[TASK DETAILS] Among the entries that follow, locate the line with "BLACK WHITE CHECKERED" and the line with "Valley Village, CA 91607,12256 Riverside DR". Output those lines and all lines in between, exactly, minus the pictures.

[RECORDS PROVIDED]
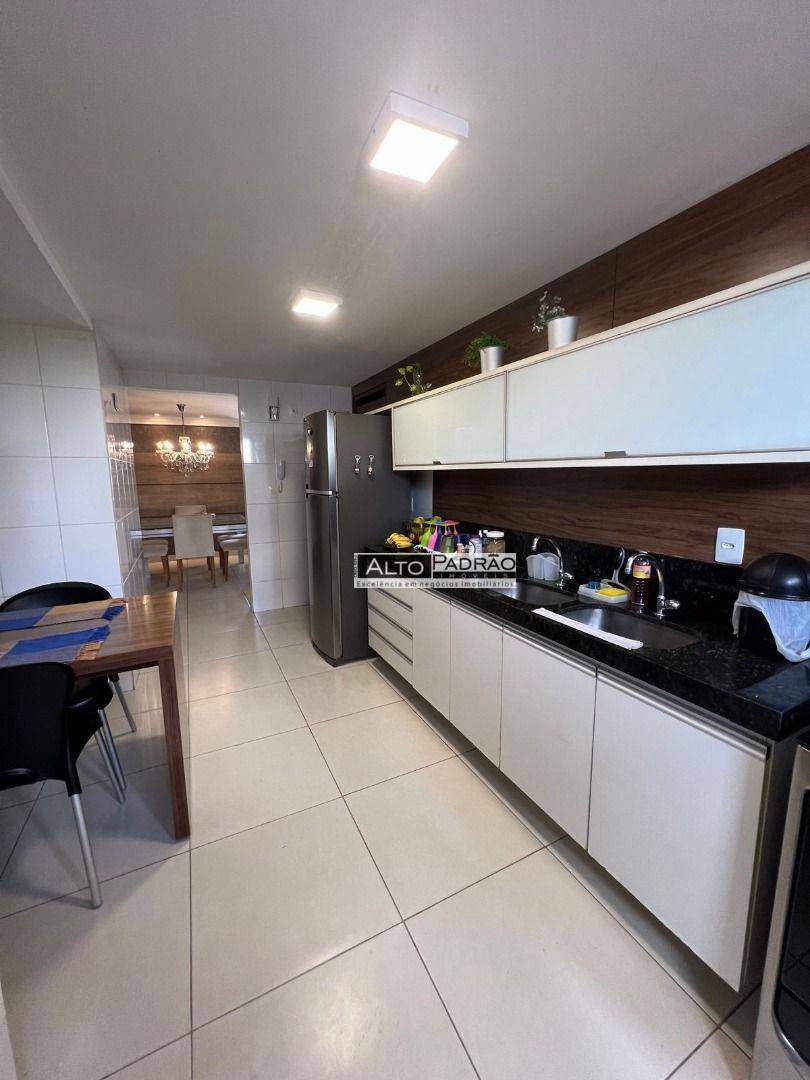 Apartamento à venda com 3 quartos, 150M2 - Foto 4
---
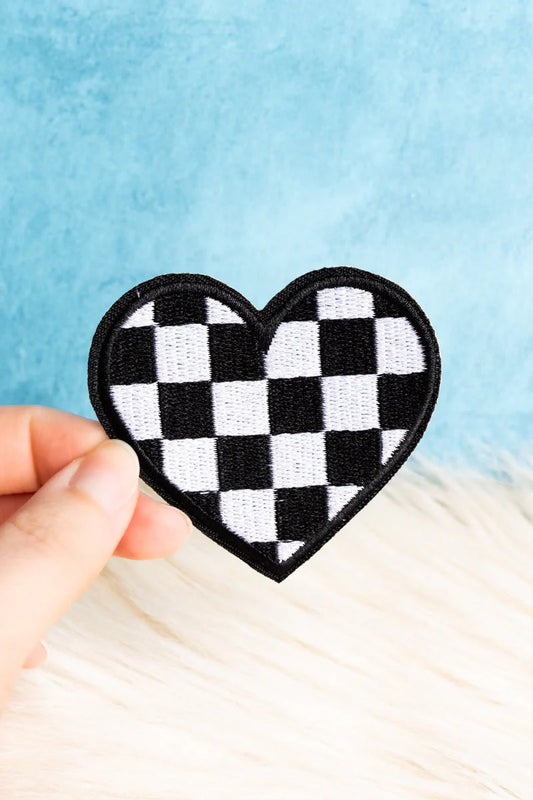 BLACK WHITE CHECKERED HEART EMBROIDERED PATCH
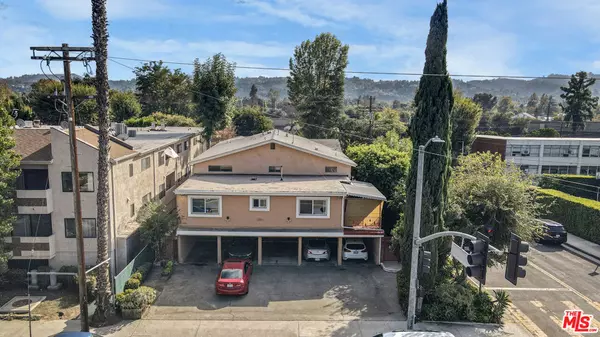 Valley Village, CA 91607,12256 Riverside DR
--
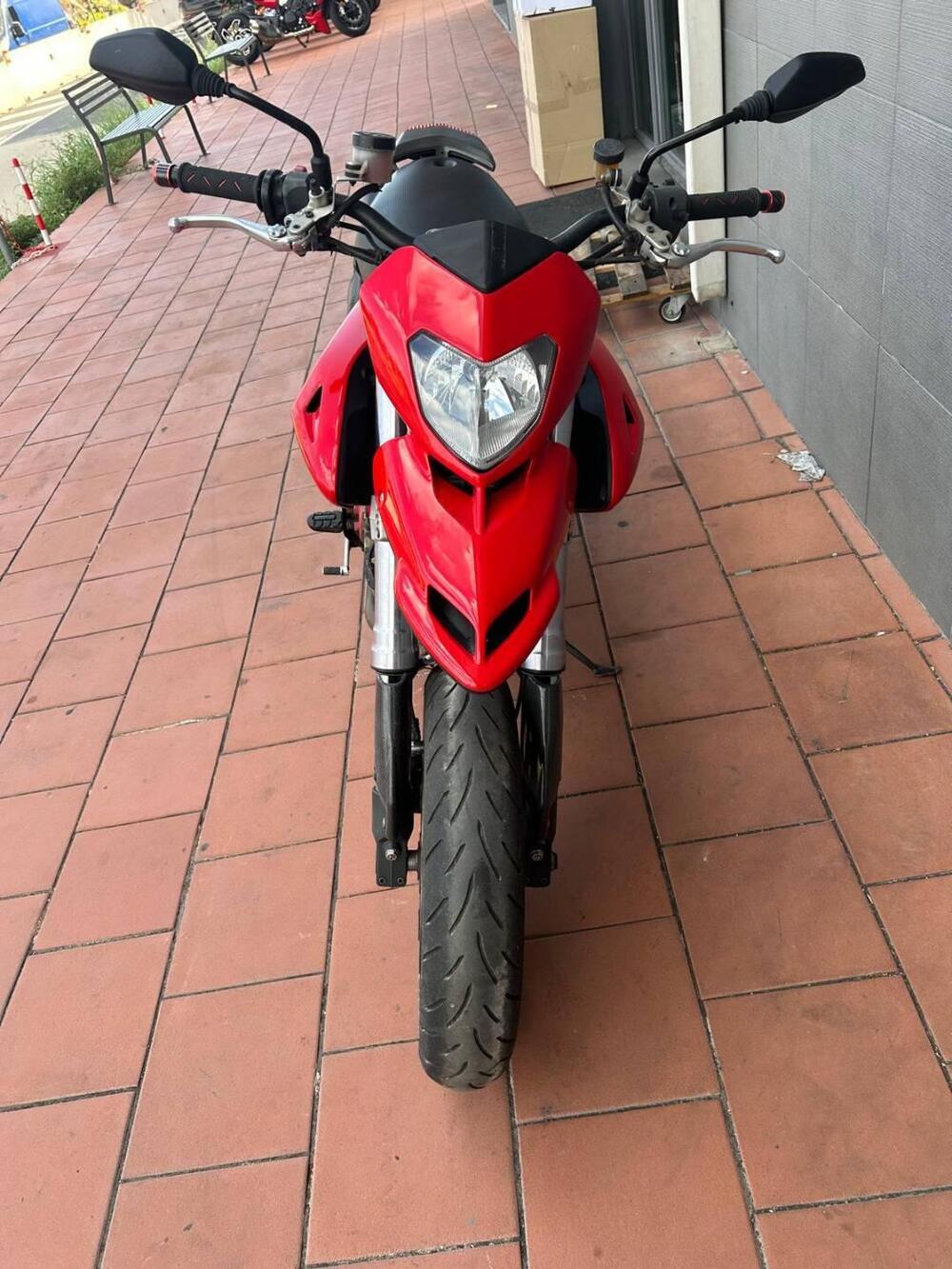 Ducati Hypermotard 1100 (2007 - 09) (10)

[RESPONSE FOR THIS EXERCISE]
 BLACK WHITE CHECKERED HEART EMBROIDERED PATCH
 Valley Village, CA 91607,12256 Riverside DR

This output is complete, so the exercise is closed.